In the quiet hours of the night, one of my best friends and next door neighbor, passed away from cancer. Just a week ago, we celebrated her 39th birthday in the hospital. Like one of the great synchronicities in life, she passed on in the hospice center where I used to volunteer. All of the nurses I cherished took extra care with her because she was my family.
I’ve lost beloved relatives before and sat with the dying many times in hospice, but this is something different. I know she’s in a better place. I do. But I still miss her. I ache from missing her.
I’ve talked about her here before under another guise. She was the friend who discovered she was a piano prodigy over two years ago when she took her first piano lesson. She played Mozart that day, and her teacher and the rest of us were totally floored. Soon she was playing Chopin at local concerts. A famous maestro was interested in teaching her, and there was also interest in her performing at the Kennedy Center.

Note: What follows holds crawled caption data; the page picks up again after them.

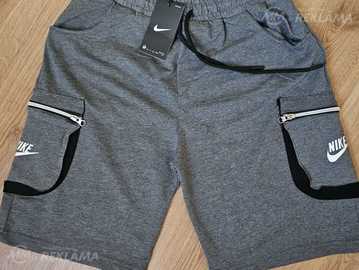 Nike šorti Nike šorti - MM.LV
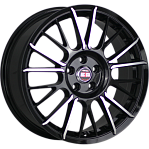 R17 5x114,3 7J ET41 D67,1 Alcasta M 33 BKF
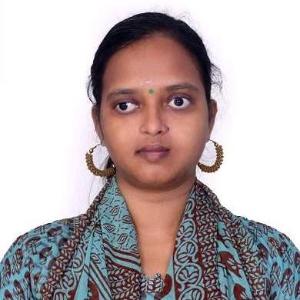 Nandhini Sivakumar image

Then she got sick, and it all went away. That’s been one of the other great tragedies, besides the horrible decline of her health and body. She’d found this incredible gift inside herself, was poised to share it with the world, and then the door closed. I won’t say the music died, but it did. She couldn’t play anymore, and it crushed us all. Especially her.

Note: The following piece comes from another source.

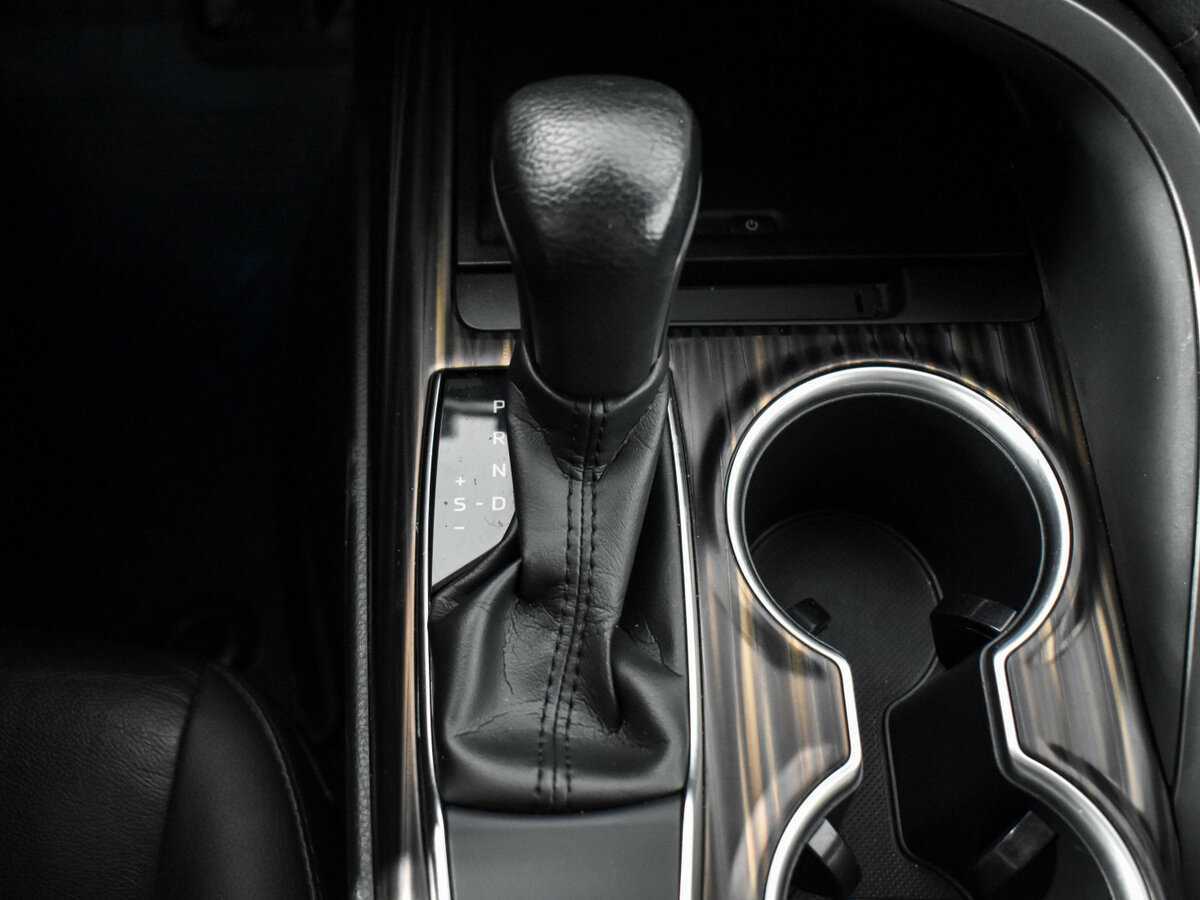 Купить Toyota Camry, 2020, 80 000 км.. Фото: #6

Last night as she lay in her hospital bed, her husband put his phone next to her ear, which played classical music and her piano recitals. Hearing the music she made broke my heart all over again. And then I played the song that had come to me while I was sitting in the garden, the one I’d sang to her when I was all alone: “Dream A Little Dream of Me.”

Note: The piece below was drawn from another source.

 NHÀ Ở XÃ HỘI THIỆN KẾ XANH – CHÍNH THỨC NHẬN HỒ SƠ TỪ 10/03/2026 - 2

Happiness is saying farewell.
I won’t say goodbye because I know this isn’t the end. We’re always connected. Always. But I will share what I will miss about her.
How we’d always have hibiscus tea together and chat for hours.
How much she loved it when I cooked her chocolate pudding and brought it over to her.
How passionate she was about women’s rights and helping others.
How bright her brown eyes looked when I would share special book news with her.
How she and I talked about life and illness and death because I was the only one she could talk to about her fears.
How much she loved the ballet when I took her there.
And her laugh…I can’t forget to mention that.
There have been lots of tears, and there likely will be many more. She lived right next door. Everywhere I turn, she’s there. Her husband needs us all now, and we’re going to be there for him. But we will all feel the loss of her deeply when we are together from now on. As we will tonight. He wanted to have a BBQ for all of us and the few family members who were able to come from Europe. I expect there will be more tears as we wait for her to come out the back door like she used to, and she never comes.
So, farewell, my beloved friend.
You will always be in my heart.
Bev fasig says
Dear Ava,
Having recently lost my Aunt who was such a part of me, I feel you pain. I pray you will find comfort and peace with those who knew her. That heartache takes such a long time to fade, but the good memories, will, I pray, overtake the pain of loss someday. My thoughts and prayers are with you.
Bev
Lisa F. says
My heartfelt sympathies to you and her family. She sounds like a great person that any person would be lucky to call a neighbor and even better a friend.
Angela Tasker says
Words are never enough. I grieve for your lost as there are people in our lives that are simply irreplaceable. I pray that as time passes you remember your sister of your heart with joy when those pockets of life remind you of her. I love how she discovered her gift for playing the piano and was able to leave recordings for you to soak in. In the Word it says that whatever we bind on earth is bound in heaven. I know that she is playing amazing sonatas above.